This has several things that make my spidey sense tingle.
On Sat, Nov 6, 2010 at 5:29 PM, Lance Norskog wrote:
> I have a dataset of vectors in 150 dimensions. I'm playing with clustering.
> The vectors should be correlated in some way and so should be somewhat
> clusterable. The numerical space is 0.0 <= x <= 1.0 in all directions. The
> norm2 for the space is 1/sqrt(dimensions).
>
What does "norm2 for the space" mean? Normally a norm is applied to a
vector and as a side effect to a matrix.
> KMeans/FuzzyKMeans did not work at all.
That seems odd and somewhat unusual. 150 dimensions is larger than this
kind of clustering works well, but it seems like kmeans should have given
some kind of result. What did you observe?

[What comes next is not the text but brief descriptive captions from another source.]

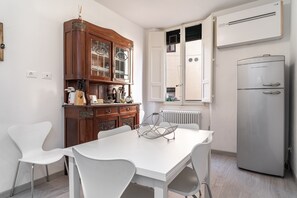 Dining - 1993 Apartment Near Lucca Amphitheater (Lucca)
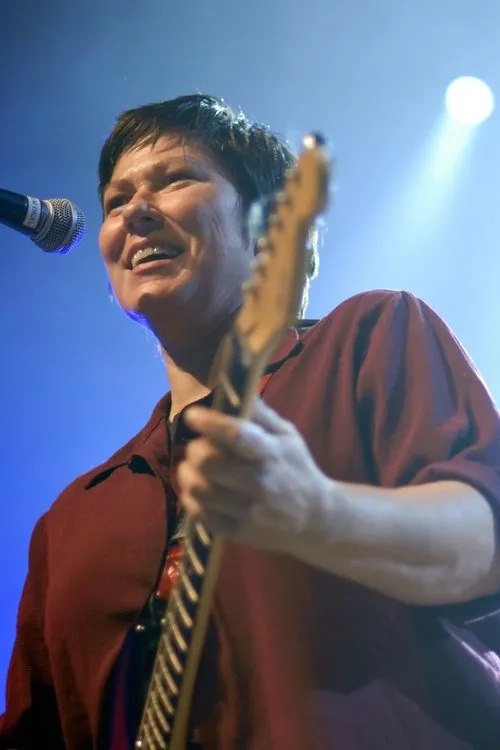 Joe Foster ha trabajado con Kim Deal en 1 ocasiones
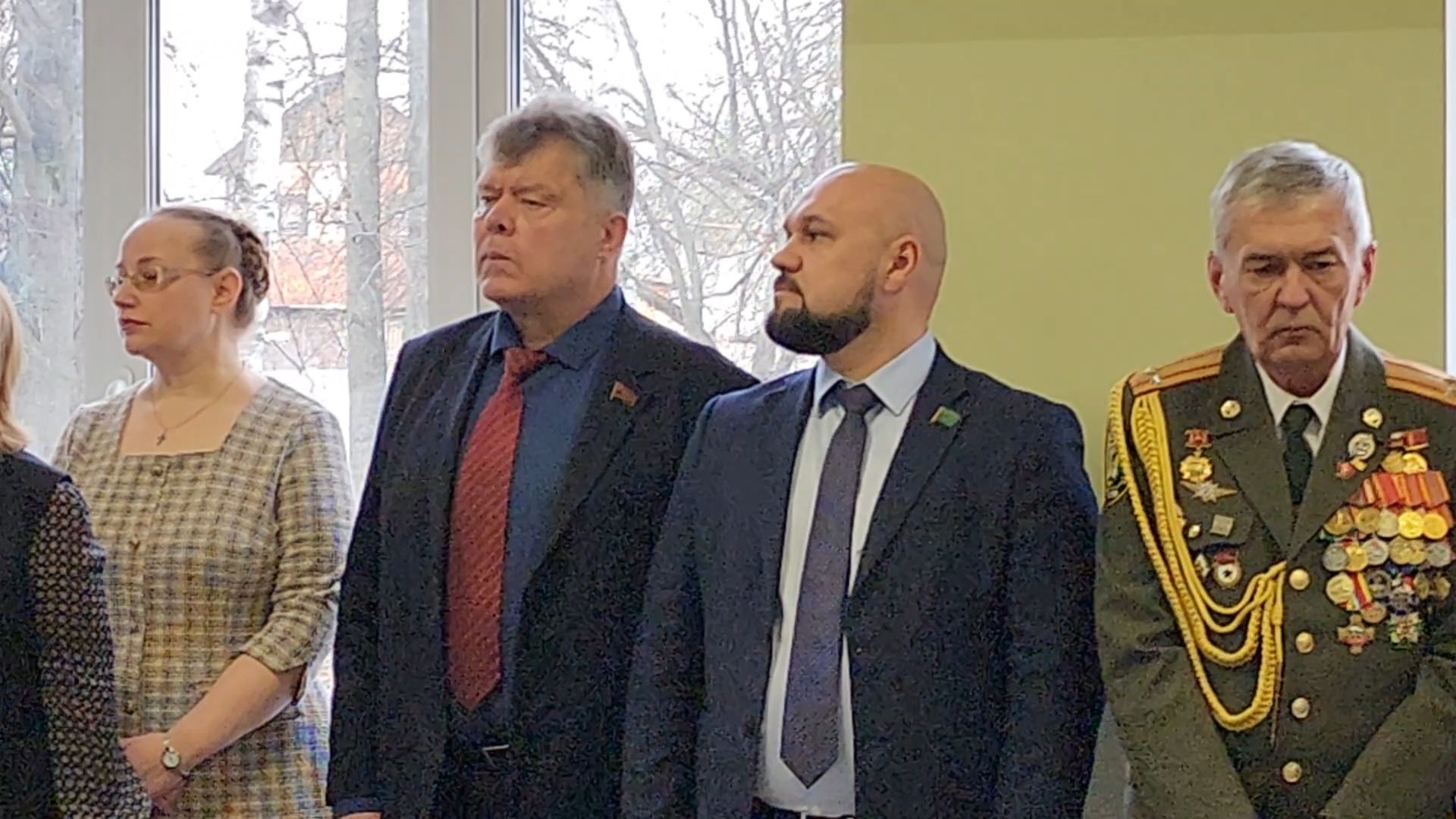 вертикалки, Парта героя сво, Дети, Открытие парты героя в Бронницах,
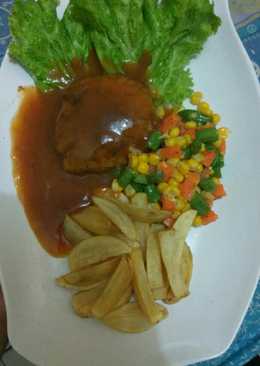 Beef steak with brown sauce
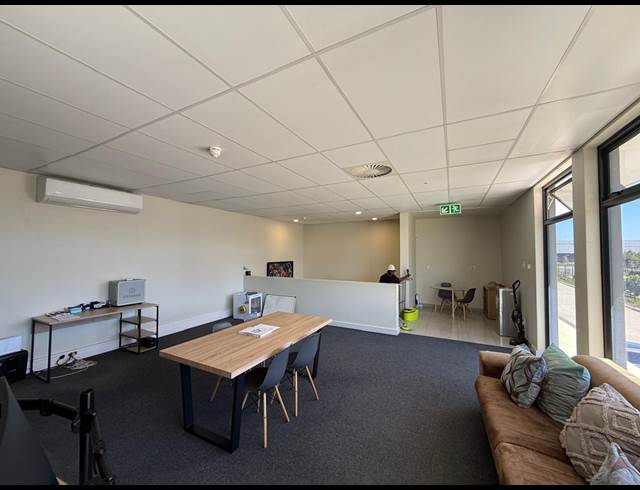 428M² WAREHOUSE TO LET IN KRAAIFONTEIN INDUSTRIA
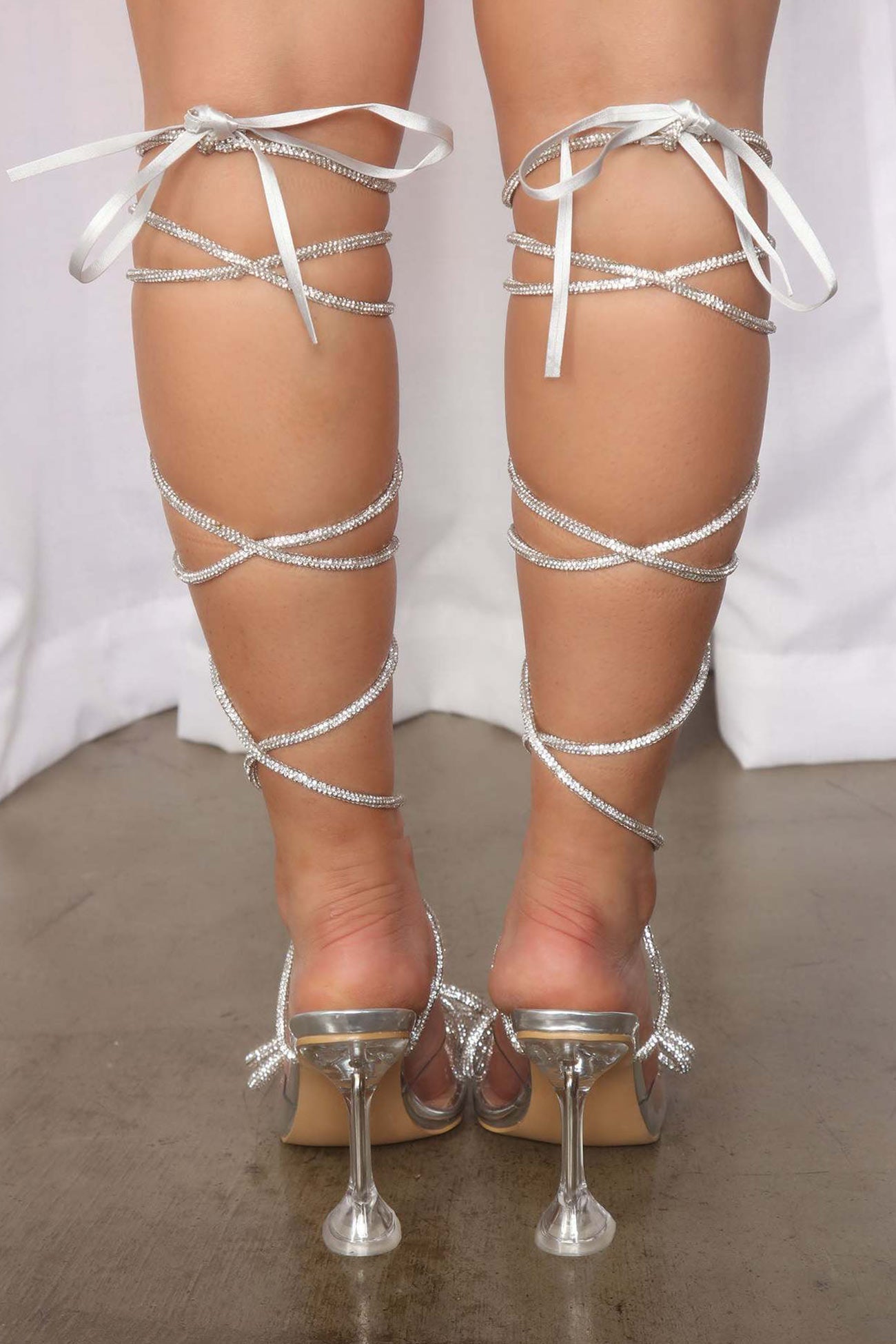Élise – Sandales à Talons avec Brides Strassées et Bout Carré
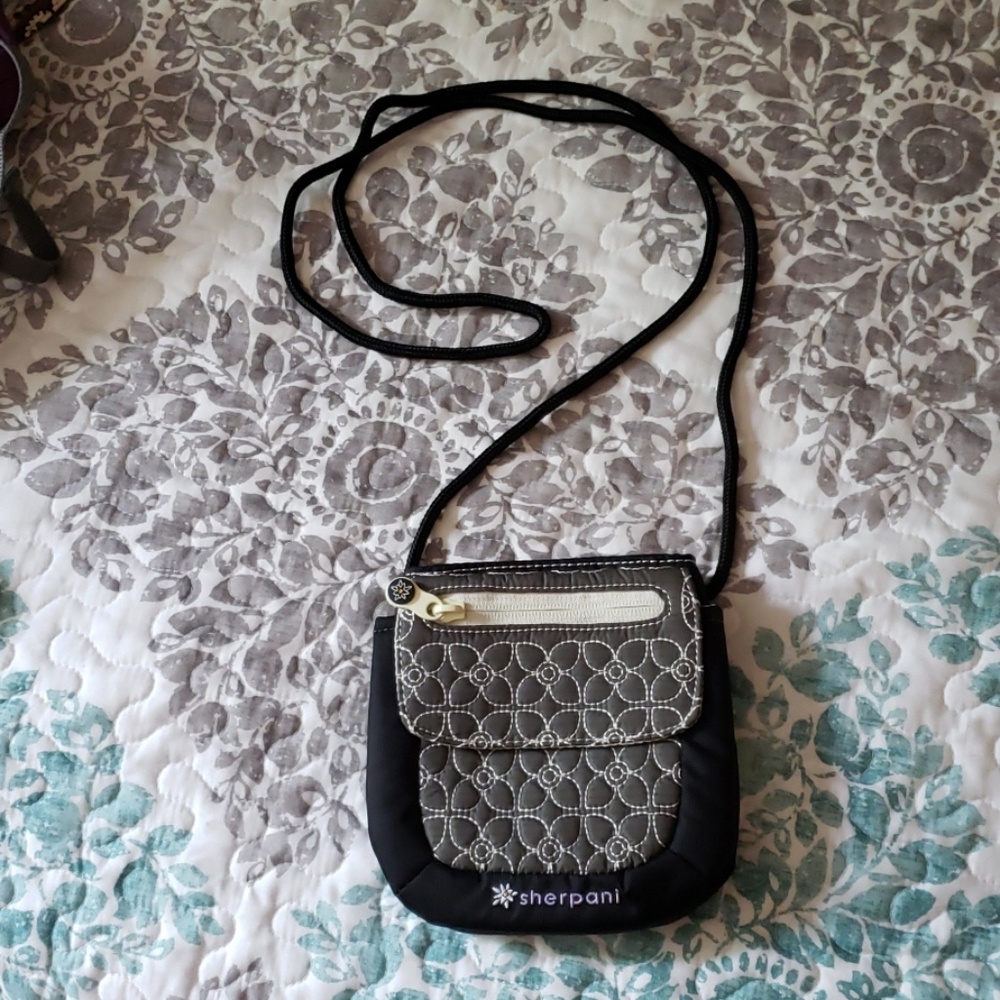 Small crossbody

> Dirichlet works with an AsymmetricSampledNormalDistribution. It stops after
> 24 iterations but will give as many clusters as requested. (I don't know if
> this is expected.)
>
Giving the number of clusters you specify is, I think, normal here.
> To evaluate these clusters, I am examining the radius of each cluster. The
> radius is a vector of distances for each dimension for the cluster vector. I
> normalize these to the 0 -> 1 space with the above norm2. I do this for my
> own limited mathematical intuitions.
>
This is a little unusual.
For k-means the normal things to look at are 0) the distribution of
distances between randomly distributed synthetic points, 1) the
distribution of distance between randomly selected data points, 2) the
distribution of distances between a point and a randomly selected
centroid and 3) the distribution of distances to the nearest centroid.
Looking at these for the training data and for held out data is ideal.
All of these distances should be computed without any normalization.
What you should look at includes:
- whether distribution 0 and distribution 1 are radically different.
Different is actually kind of good here because it means that your
points aren't just spread out all over
- how different 2 and 3 are and how different distribution 3 is for training
data and held out data. 2 and 3 should be distinctly different
and distribution 3 should be pretty similar for held out data.
For any clustering at all, I like to compare the number of points that are
clustered into the different clusters for held out data versus
for the training data. The proportions should be about the same.
The results:
> These radii, both in Canopy and Dirichlet, are all less than 1.0. Good
> first step. Since KMeans doesn't work, that means the clusters are probably
> asymmetric. The radii all have different norms. The 7 Canopy radii have,
> order, 5 roughly equal radii, one small and one near-zero, showing how
> Canopy closes in. The Dirichlet output is a different kettle of fish. First,
> all of the radii have several negative values. I had assumed that the radius
> values would all be positive. I assume this is a loose end in the Dirichlet
> implementation. I normalized them by adding the lowest negative value, and
> this is why all have a minimum value of 0.0.
>
I can't help with expectations for what these should look like. The
normalization makes it very hard to understand. How did you compute
distance to a Dirichlet cluster?
> Here are the Canopy and Dirichlet radius summaries.
How did you come up with a single radius here?
>